# 9 Generalized linear models

Linear regression is suitable for outcomes which are continuous numerical scores. In practice this requirement is often relaxed slightly, for example for data which are slightly skewed, or where scores are somewhat censored ( e.g. questionnaire scores which have a minium or maximum).

However, for some types of outcomes standard linear models are unsuitable. Examples here include binary (zero or one) or count data (i.e. positive integers representing frequencies), or proportions (e.g. proportion of product failures per batch). This section is primarily concerned with binary outcomes, but many of the same principles apply to these other types of outcome.

### Logistic regression

In R we fit logistic regression with the `glm()`

function which is built into R,
or if we have a multilevel model with a binary outcome we
use `glmer()`

from the `lme4::`

package.

Fitting the model is very similar to linear regression, except we need to
specify the `family="binomial"`

parameter to let R know what type of data we are
using.

Here we use the `titanic`

dataset (you can download this from
Kaggle, although you need to sign up
for an account).

Before we start fitting models, it’s best to plot the data to give us a feel for what is happening.

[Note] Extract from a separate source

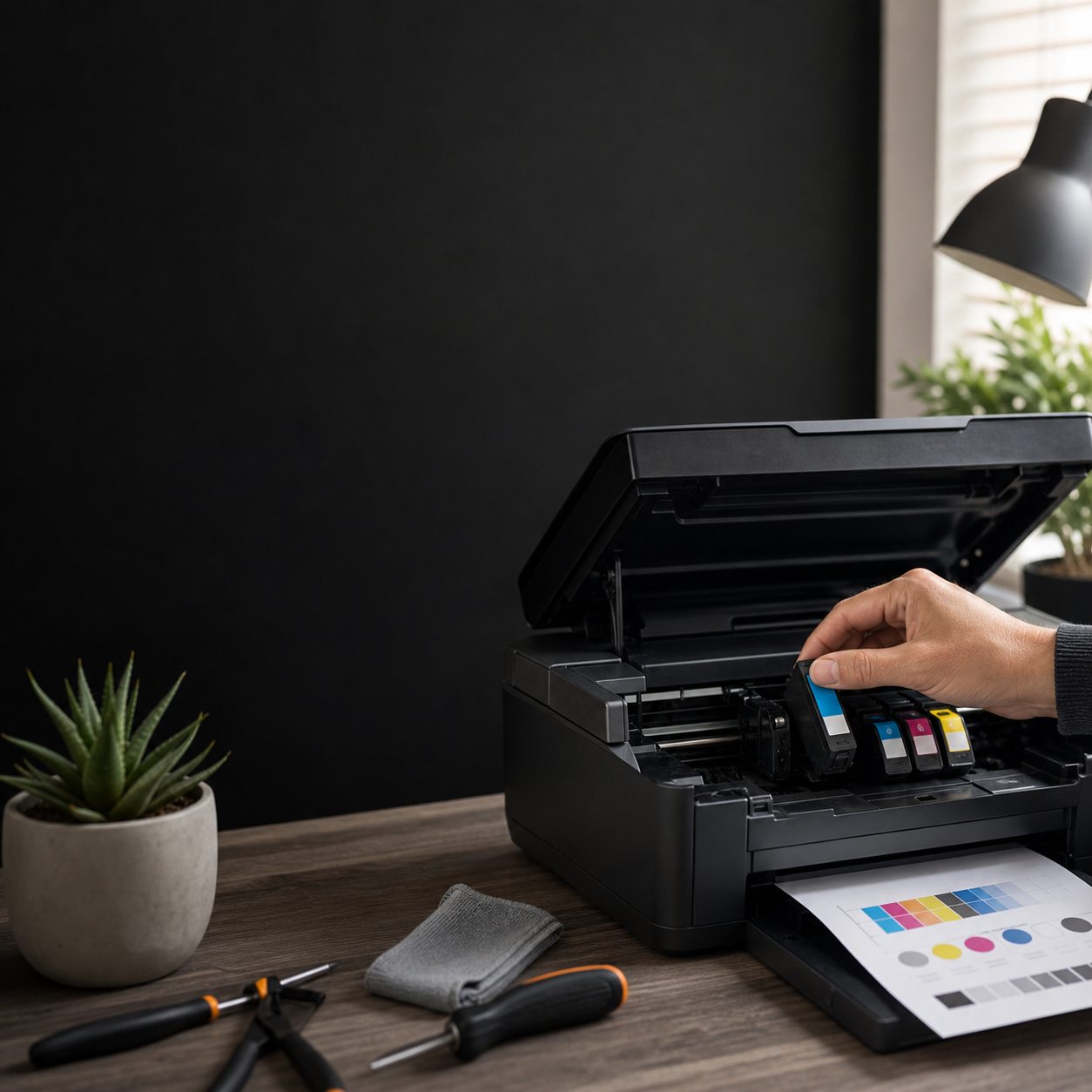 Printer cartridge troubleshooting and installation help in Rossendale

Figure 1 reveals that, across all fare categories, women were more likely to survive the disaster than men. Ticket class also appears to be related to outcome: those with third class tickets were less likely to survive than those with first or second class tickets. However, differences in survival rates for men and women differed across ticket classes: women with third class tickets appear to have been less advantaged (compared to men) than women with first or second class tickets.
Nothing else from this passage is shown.